Tesla’s Active Robotaxi Fleet Appears to Be Shrinking
Why It Matters
The contraction signals that Tesla’s autonomous‑driving technology is not yet reliable enough for large‑scale deployment, jeopardizing the company’s valuation narrative that hinges on robotaxi growth.
Key Takeaways
- •Unsupervised robotaxis fell to 20 vehicles across Texas.
- •Overall fleet dropped from 165 to about 34 active units.
- •Crash rate 4‑9× higher than human drivers per Tesla data.
- •Musk expects scaling after FSD v15 launch in late 2026.
- •Shrinking fleet weakens Tesla’s autonomy‑driven stock valuation.
Pulse Analysis
Tesla’s robotaxi rollout has hit a stark reality check as fleet numbers tumble across its three Texas test cities. Data from Electrek shows unsupervised vehicles slipping to just 20 active units, while the combined supervised and unsupervised fleet has collapsed from a high of 165 to roughly 34. The decline is not a temporary blip; it mirrors a broader safety concern, with internal calculations indicating crash rates that are four to nine times higher than those of human drivers. Such figures have forced Tesla to pull back vehicles rather than risk further incidents, underscoring the gap between promised autonomy and operational safety.

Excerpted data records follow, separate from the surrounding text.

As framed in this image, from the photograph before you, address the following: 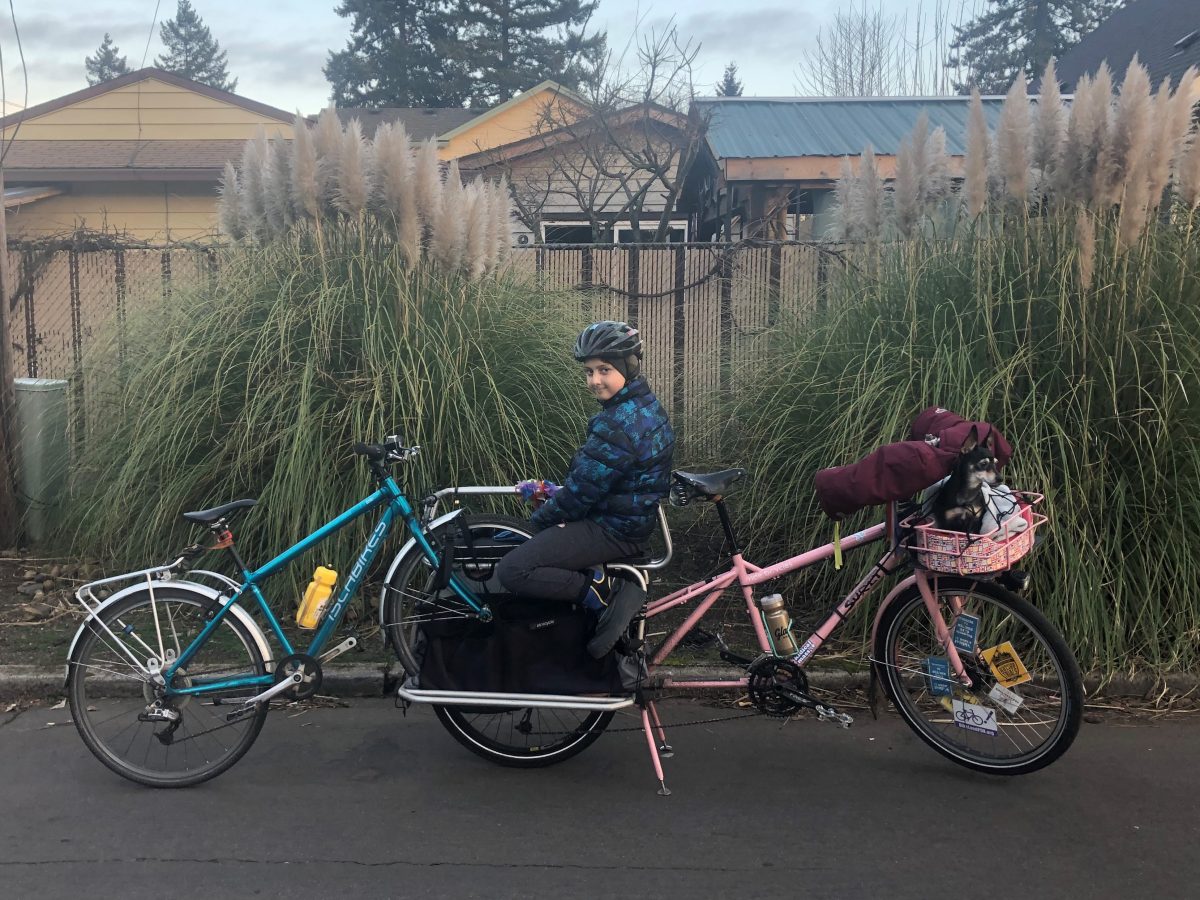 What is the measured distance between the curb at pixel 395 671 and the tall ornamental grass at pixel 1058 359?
3.2 inches

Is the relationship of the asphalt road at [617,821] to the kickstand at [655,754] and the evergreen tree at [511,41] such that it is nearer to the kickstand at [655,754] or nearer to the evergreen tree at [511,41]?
the kickstand at [655,754]

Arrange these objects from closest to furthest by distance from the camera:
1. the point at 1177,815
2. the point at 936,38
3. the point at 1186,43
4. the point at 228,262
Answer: the point at 1177,815 → the point at 228,262 → the point at 1186,43 → the point at 936,38

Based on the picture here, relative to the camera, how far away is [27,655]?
17.1 ft

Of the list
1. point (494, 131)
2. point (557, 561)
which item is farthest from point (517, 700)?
point (494, 131)

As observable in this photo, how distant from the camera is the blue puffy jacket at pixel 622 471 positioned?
3852 mm

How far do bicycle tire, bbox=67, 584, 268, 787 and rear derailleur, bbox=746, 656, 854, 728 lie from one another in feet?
6.26

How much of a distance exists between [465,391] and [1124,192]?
Answer: 366 centimetres

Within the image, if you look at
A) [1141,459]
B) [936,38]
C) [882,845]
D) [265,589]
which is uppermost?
[936,38]

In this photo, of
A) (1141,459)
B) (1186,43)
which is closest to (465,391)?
(1141,459)

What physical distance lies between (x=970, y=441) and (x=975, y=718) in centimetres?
108

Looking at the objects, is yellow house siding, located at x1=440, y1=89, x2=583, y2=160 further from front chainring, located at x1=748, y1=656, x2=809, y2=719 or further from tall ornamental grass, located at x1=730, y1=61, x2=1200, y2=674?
front chainring, located at x1=748, y1=656, x2=809, y2=719

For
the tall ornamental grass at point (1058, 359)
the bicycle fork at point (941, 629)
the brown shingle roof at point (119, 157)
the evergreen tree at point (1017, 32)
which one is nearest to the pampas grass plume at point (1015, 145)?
the tall ornamental grass at point (1058, 359)

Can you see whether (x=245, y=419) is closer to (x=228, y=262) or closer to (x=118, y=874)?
(x=228, y=262)

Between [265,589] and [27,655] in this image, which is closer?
[27,655] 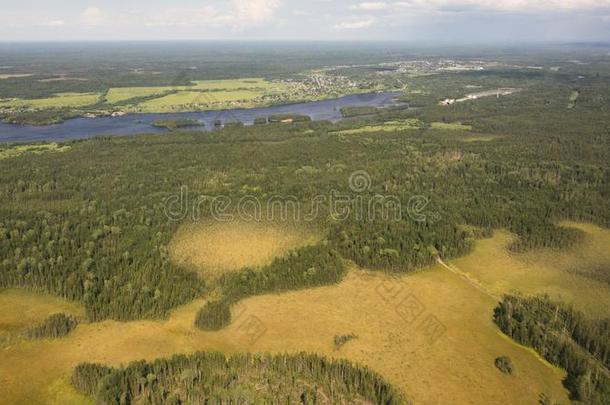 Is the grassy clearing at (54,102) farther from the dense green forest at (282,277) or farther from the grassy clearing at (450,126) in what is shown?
the dense green forest at (282,277)

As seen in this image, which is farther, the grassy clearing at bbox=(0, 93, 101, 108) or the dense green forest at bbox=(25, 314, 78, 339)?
the grassy clearing at bbox=(0, 93, 101, 108)

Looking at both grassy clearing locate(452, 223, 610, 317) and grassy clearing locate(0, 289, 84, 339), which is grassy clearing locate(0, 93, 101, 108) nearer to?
grassy clearing locate(0, 289, 84, 339)

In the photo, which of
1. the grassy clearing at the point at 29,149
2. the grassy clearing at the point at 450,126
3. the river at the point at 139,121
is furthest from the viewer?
the grassy clearing at the point at 450,126

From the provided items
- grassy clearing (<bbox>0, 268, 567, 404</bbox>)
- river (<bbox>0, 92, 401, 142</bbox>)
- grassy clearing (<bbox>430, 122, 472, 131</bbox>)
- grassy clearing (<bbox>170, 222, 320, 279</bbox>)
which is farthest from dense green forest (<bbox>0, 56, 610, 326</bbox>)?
river (<bbox>0, 92, 401, 142</bbox>)

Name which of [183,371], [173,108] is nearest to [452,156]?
[183,371]

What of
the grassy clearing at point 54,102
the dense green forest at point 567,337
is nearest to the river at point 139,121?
the grassy clearing at point 54,102

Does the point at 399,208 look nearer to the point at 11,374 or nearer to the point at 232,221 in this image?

The fleet shrinkage reverberates beyond the streets of Austin, Dallas and Houston, striking at the heart of Tesla’s market positioning. Elon Musk has repeatedly tied the company’s stock performance to the success of its Full Self‑Driving (FSD) ambitions, suggesting that autonomous revenue could eclipse traditional vehicle sales. Yet the current rollout lag, coupled with Musk’s optimistic timelines—now pushed to post‑FSD v15 deployment in late 2026—creates a credibility challenge for investors. The disparity between public statements and on‑ground performance may prompt analysts to reassess valuation models that heavily weight future robotaxi earnings.
Looking ahead, Tesla’s path to scaling hinges on the upcoming FSD v15 software rewrite, which Musk claims will unlock “aggressive scaling” from 2026‑27. If the update delivers a measurable safety improvement, the company could revive its expansion plans and restore confidence among shareholders. However, competitors such as Waymo and Cruise are already operating larger, more regulated autonomous fleets, raising the stakes for Tesla to prove its technology can compete on safety and reliability. The next few quarters will be pivotal in determining whether Tesla can translate its AI narrative into a sustainable, revenue‑generating robotaxi service.